Please see http://ferret.davebalmain.com/api/classes/Ferret/Index/FieldInfo.html for more information about the possible values and what they mean.

Custom Analyzers

No Stop words

To prevent ferret from stop word filtering, use a StandardAnalyzer with an empty stop word list:

# pre-0.4.3 (two arguments hashes, the second containing Ferret options)
acts_as_ferret( { :fields => { ... } }, { :analyzer => Ferret::Analysis::StandardAnalyzer.new([]) } )
# 0.4.3 and later: only one arguments hash, all Ferret options go into the :ferret Hash:
acts_as_ferret( :fields => { ... }, :ferret => { :analyzer => Ferret::Analysis::StandardAnalyzer.new([]) } )

Note that the analyzer option goes into the second argument hash (where all options go that are handed through to ferret’s Ferret::Index::Index instance).

Stemming

Stemming is language-dependent, you’ll have to create a custom analyzer. For german content
this could look like that:

class GermanStemmingAnalyzer < Ferret::Analysis::Analyzer
  include Ferret::Analysis
  def initialize(stop_words = FULL_GERMAN_STOP_WORDS)
    @stop_words = stop_words
  end
  def token_stream(field, str)
    StemFilter.new(StopFilter.new(LowerCaseFilter.new(StandardTokenizer.new(str)), @stop_words), 'de')
  end
end

Then tell aaf to use this analyzer:

acts_as_ferret({ :fields => { ... } }, :analyzer => GermanStemmingAnalyzer.new)
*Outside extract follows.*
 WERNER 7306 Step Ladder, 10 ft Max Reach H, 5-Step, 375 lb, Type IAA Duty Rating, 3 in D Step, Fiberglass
Disabling automatic indexing

There are some usecases where the automatic indexing done by acts_as_ferret gets in your way, be it
performance-wise (say, you just call save to store a new relationship), or because of content that
has to be saved but is not in a state you want to be found through searches yet.

Since Revision 88 we have the disable_ferret method for these cases (examples taken straight
from the unit tests):

Disable aaf for the next save call

content = Content.new(:title => 'should not get saved', :description => 'do not find me')
content.disable_ferret  # or content.disable_ferret(:once) if you like to be explicit
content.save            # no indexing here
assert Content.find_by_contents('"find me"').empty?
content.save            # now it gets indexed
assert_equal Content.find_by_contents('"find me"').first

Disable aaf for all following save calls

content = Content.new(:title => 'should not get saved', :description => 'do not find me')
content.disable_ferret(:always)
2.times do 
  content.save          # no indexing takes place
  assert Content.find_by_contents('"find me"').empty?
end
content.ferret_enable   # re-enable automatic indexing
content.save
assert_equal content, Content.find_by_contents('"find me"').first

Disable aaf for a block

content = Content.new(:title => 'should not get saved', :description => 'do not find me')
    content.disable_ferret do
      2.times do
        content.save
        assert Content.find_by_contents('"find me"').empty?
        assert !content.ferret_enabled?        # ferret is disabled inside the block
      end
    end
    assert content.ferret_enabled?             # ... and enabled after that
    assert Content.find_by_contents('"find me"').empty?  # no indexing has taken place

You can even let aaf do an index update after the whole block is finished:

content.disable_ferret(:index_when_finished) do
      2.times do
        content.save
        assert Content.find_by_contents('"find me"').empty?
        assert !content.ferret_enabled?
      end
    end
    assert content.ferret_enabled?
    assert_equal content, Content.find_by_contents('"find me"').first  # it has been indexed!

Default Field

Using the :default_field setting, you can specify the default fields that are searched if non are specified in the query. This is crucial to do when using a single index to search multiple models, as in some cases the presence of stop words in a query will result in no results returned.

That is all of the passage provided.